--- PROVIDED RECORDS Enclosed Below ---

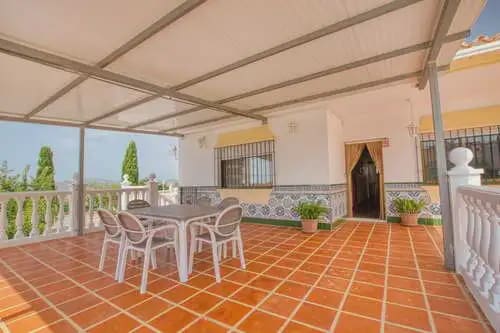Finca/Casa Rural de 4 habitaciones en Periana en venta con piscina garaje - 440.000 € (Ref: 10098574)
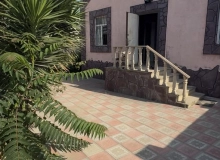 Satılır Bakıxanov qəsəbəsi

--- End of Enclosed PROVIDED RECORDS ---
--- PROVIDED RECORDS Enclosed Below ---

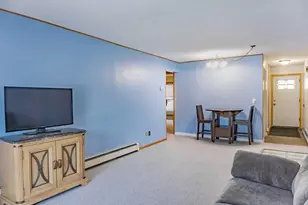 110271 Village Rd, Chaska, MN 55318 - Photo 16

--- End of Enclosed PROVIDED RECORDS ---
--- PROVIDED RECORDS Enclosed Below ---

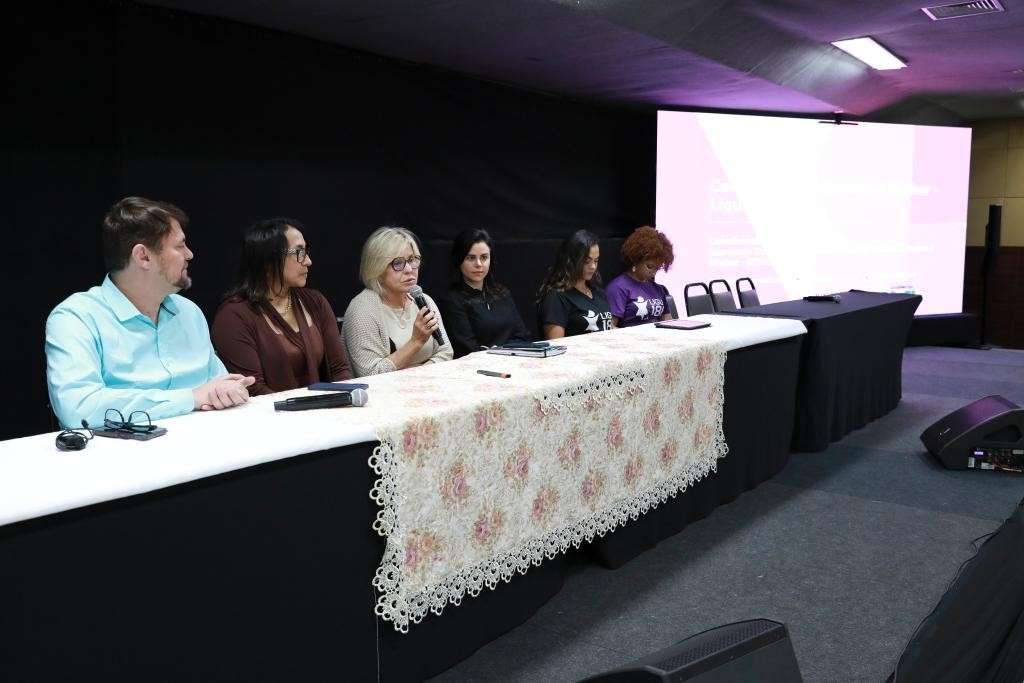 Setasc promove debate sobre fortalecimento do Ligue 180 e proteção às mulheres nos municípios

--- End of Enclosed PROVIDED RECORDS ---

▸ **EXERCISE DIRECTIONS**
For this exercise, please set down exactly the lines of the listing above from the line with "Finca/Casa Rural de" up to and including the line with "Satılır Bakıxanov qəsəbəsi", and no pictures.

▸ **ANSWER TO THIS TASK**
Finca/Casa Rural de 4 habitaciones en Periana en venta con piscina garaje - 440.000 € (Ref: 10098574)
 Satılır Bakıxanov qəsəbəsi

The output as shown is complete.